She said a new model for agriculture needs to be built in the U.S.

Beal said too few farmers are producing too much of our food and more locally-grown food is needed.

One way to build a new model is to ignore commodity markets and instead focus on raising specialty products where a higher price can be gained, she said.

“Farming is not a one size fits all business,” Beal said.

Beal said there have always been conventional ways to measure success in farming but it may be time to develop new measures. She said they must include a farmer’s integrity, water quality and land stewardship.

Chef first

Bob Perry, special projects manager, was chef for the Sustainable Agriculture and Food Systems Working Group in the College of Agriculture at the University of Kentucky and at a restaurant he owned in South Carolina which got him started in sustainable agriculture. He would grow as many of his own vegetables as possible and try to purchase other items from local farmers.

He is still using what he learned at the University of Kentucky. He convinced the university to purchase beef from a local producer which the chef uses to prepare his dishes there.

Perry said he prefers to use products from farms as he described as “ag in the middle.”

Perry tries to engage farms that are between 100 and 200 acres; too small for a family to make a living, but they offer possibilities. The problem for farms attempting to engage in growing smaller amounts of crops is that the farms are often too rural to access farmers markets or businesses.

Another idea Perry wants to help expand across the country is a value chain.

“You have to establish a win-win relationship,” Perry said.

Perry described a value chain as a good way to engage farmers and provide people with better food.

One example given was from the University of Kentucky. The university now purchases beef cattle from a local farmer, hauls it to a local processor and the students at the university then get the food.

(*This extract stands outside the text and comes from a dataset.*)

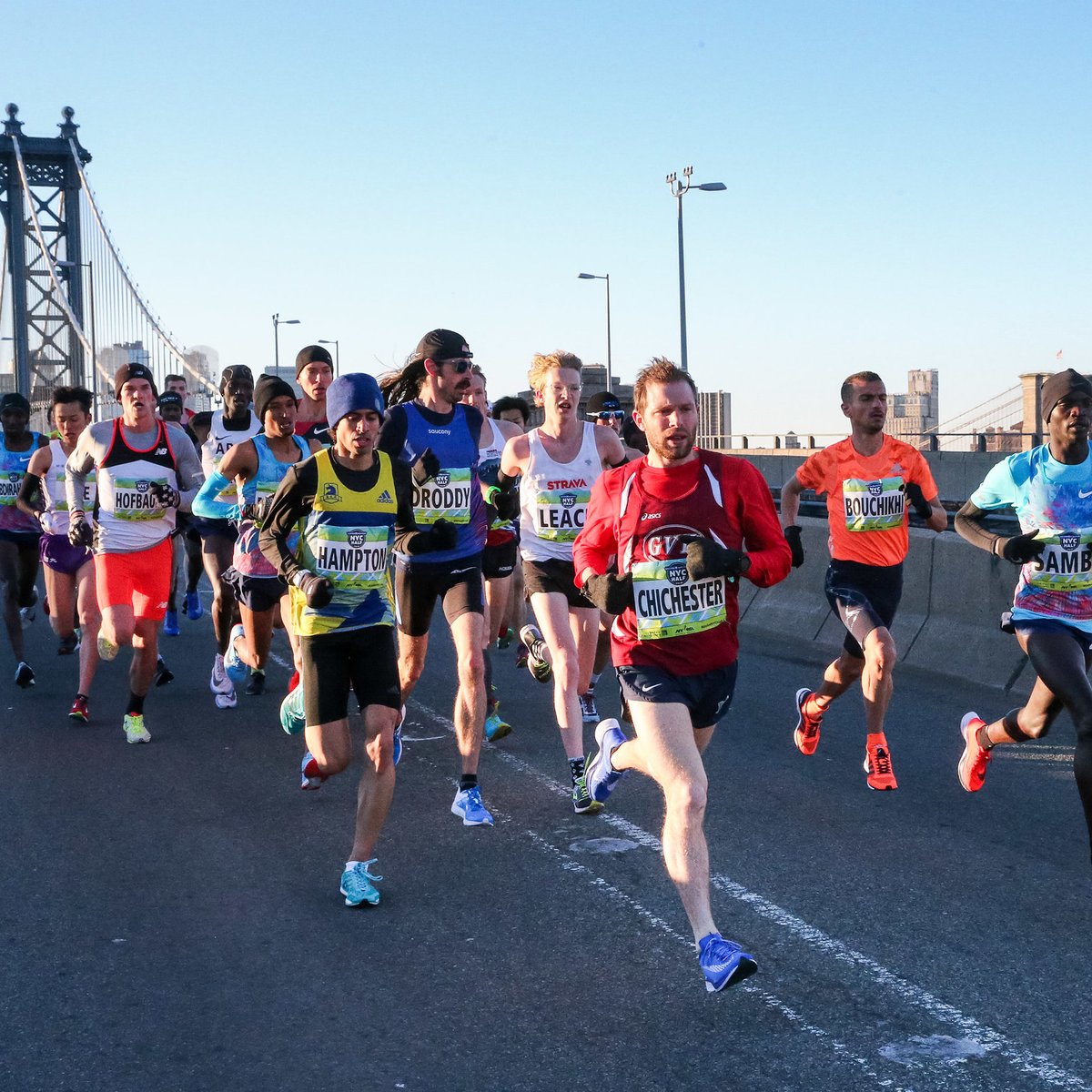 Lead pack of male runners at the 2018 United Airlines NYC Half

“It’s a way to get farms that have been out of business back in business again. Value chains can be complicated but they can be done,” Perry said.

Other speakers

Besides Perry and Beal, some Ohio farmers specializing in sustainable agriculture also spoke at the conference and also an entrepreneur from Cleveland who is connecting consumers with locally grown food.

• Trevor Clatterbuck, serves as the chief executive officer of Fresk Fork. He started a business with classmates while attending Case Western Reserve.

Clatterbuck operates a business where he goes to farmers markets or farms and purchases vegetables and meat. He then delivers the goods to homes through a CSA, or Community Supported Agriculture.

Another venture Clatterbuck is involved in is developing relationships with restaurants and getting them to purchase the locally grown vegetables and meats.

• Floyd Davis, is the owner of Red Basket Farm in Kinsman, Ohio. It is a small family farm dedicated to year-round production of specialty crops supplying farmers markets, restaurants and a seasonal CSA program. The farm is currently working with the South Euclid/Lyndhurst School District in Cuyahoga County to pilot “Farm to School.”

Davis supplies the school district with fresh vegetables and is helping to educate the children and adults through a separate grant.

He has been able to provide vegetables so far for the entire school year except for January and February. He attributed that to unusually heavy snowfall and severe lack of sunshine.

• Aaron Miller, has been raising cattle for over 30 years and practiced rotational grazing for 25 years, switching to intensive grazing in 1999. He has added hogs, poultry and sheep to assist in parasite control. His farm has been chemical free since 1999. He currently has 80 head of cattle, 20 hogs and 65 sheep. He sells his products at farm markets, restaurants and direct marketing.

• Daniel Trudel and his wife, Ann, own and manage Ann’s Raspberry Farm and Specialty Crops, a pick-your-own operation in Knox County. Trudel specializes in growing Brussels sprouts and has began experimenting with specialized crops as a means to capture niche markets.

The Trudels began their operation in 2005 and it has grown significantly from an initial half acre of red raspberries to three acres, which also includes a 3,000 square foot high tunnel.